Before the article is published, though, I get a call from the editor, who has a simple question — what is the dollar size of the survivalist market? A $50,000,000 a year market? A hundred? I spent several days looking and come back empty-handed. Nobody has researched the relatively new market enough to have put estimates to it.
"Take a guess," the editor said.
What the hell...I pick a number. It's a pretty good number, too, in that it's a best guess. But it is a guess. Nothing more.
"Cool," he said, and the story comes out with my number right there up front.
My number then goes on without me. I'm sent an article from one of the largest newspaper on the West Coast, quoting my number and attributing it to "sources." Next, my number migrates across country to the Great Grey New York Times, where it is attributed to "knowledgeable sources close to the industry." Then my number makes the jump to television, where a famous soon-to-be-retired anchor person mouthed it as "authoritative." It crawled into more magazine aritcles and even a couple of books and finally broke into Hollywood. I'm watching an episode of the old Lou Grant television show, where everyone's favorite loveable lefty Ed Asner plays everyone's favorite loveable lefty editor Lou Grant.
"Do you know how much money these whackos spend every year?" shouts loveable Lou, more or less. "They spend..."

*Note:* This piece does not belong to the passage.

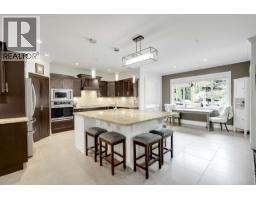 13422 235 Street, Maple Ridge, BC V4R2W3 Photo 9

And there it is. MY number, right there on television! I am so proud for it! I feel like a father who has given birth to...Brad Pitt! I envision it walking (maybe migrating, whatever it is that numbers do) down the Red Carpet, accepting the award for Best New Monetary Estimate of a Niche Right-Wing Market, partying at Spaagos with whomever was the Johnny Depp of the time — David Hasselhoff? I imagine my number thanking me for making it up and sending it out into the world.
But it was never more than a guess made by a guy on deadline.